Chereads / Ketika Dia Selingkuh / Chapter 23 - Karena Tuhan

Chapter 23 - Karena Tuhan

Tepat pukul delapan pagi Andini, Michele dan Dhea tengah berjalan beriringan menuju kediaman Pak Handoko. Michele mengendarai mobil melambat, di belakang mengikuti Andini dan Dhea. Andini terlihat tegang duduk di sebelah Dhea, memegang minuman hangat kesukaannya, coklat hangat. Tatapannya lurus ke depan sesekali ia menyesap minuman itu. Sebelum berangkat tadi mereka mampir sebentar ke Cafe Strawberry depan apartemen Andini untuk membeli minuman.

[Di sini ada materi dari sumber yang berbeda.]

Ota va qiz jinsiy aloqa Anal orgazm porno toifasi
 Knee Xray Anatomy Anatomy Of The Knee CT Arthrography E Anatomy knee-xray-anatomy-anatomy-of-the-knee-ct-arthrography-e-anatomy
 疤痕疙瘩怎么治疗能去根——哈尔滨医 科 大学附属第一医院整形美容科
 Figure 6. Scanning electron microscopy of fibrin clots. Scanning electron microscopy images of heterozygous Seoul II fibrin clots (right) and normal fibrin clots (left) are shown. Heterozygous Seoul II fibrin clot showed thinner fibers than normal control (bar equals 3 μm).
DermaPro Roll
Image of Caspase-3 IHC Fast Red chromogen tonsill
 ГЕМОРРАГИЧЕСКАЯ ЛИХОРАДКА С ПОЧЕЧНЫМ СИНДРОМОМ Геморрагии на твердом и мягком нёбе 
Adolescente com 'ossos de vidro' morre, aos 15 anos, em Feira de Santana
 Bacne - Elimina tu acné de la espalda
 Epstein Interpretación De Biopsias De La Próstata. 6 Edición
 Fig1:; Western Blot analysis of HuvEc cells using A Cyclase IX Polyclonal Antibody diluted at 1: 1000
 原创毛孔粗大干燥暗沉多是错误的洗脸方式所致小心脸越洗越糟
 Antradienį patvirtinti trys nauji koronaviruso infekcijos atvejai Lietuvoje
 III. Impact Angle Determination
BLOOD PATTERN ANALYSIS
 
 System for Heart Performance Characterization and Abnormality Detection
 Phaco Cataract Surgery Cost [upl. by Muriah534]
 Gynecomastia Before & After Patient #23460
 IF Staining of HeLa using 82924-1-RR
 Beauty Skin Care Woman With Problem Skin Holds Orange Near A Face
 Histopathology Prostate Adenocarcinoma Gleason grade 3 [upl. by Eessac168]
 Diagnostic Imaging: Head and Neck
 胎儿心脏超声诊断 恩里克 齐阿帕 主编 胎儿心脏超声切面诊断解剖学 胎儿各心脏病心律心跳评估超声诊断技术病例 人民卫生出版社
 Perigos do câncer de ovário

Beruntung pagi ini jalan menuju arah Pantai Indah Kapuk lengang, menurut info dari Michele, Pak Handoko ingin bertemu dengan mereka pagi-pagi. Dhea pun terlihat tegang menyetir dengan konsentrasi mengikuti mobil Michele. Meski ia sudah sering ke daerah Pantai Indah Kapuk, untuk rumah Handoko, dia belum pernah ke sana.

Biasanya pagi seperti ini jalan di pluit raya macet meski pagi buta, jalanan dipenuhi mobil kontainer perusahaan perikanan daerah Muara Baru dan bus antar jemput anak sekolah. Dhea mendesah melirik kearah Andini yang masih menatap ke depan jalan dengan posisi tangan masih menggenggam cup minumannya.

"Mbak, jangan tegang gitu dong. Aku kan jadi ikutan tegang."

Andini menoleh, lalu tersenyum menurunkan tangannya ke pangkuan.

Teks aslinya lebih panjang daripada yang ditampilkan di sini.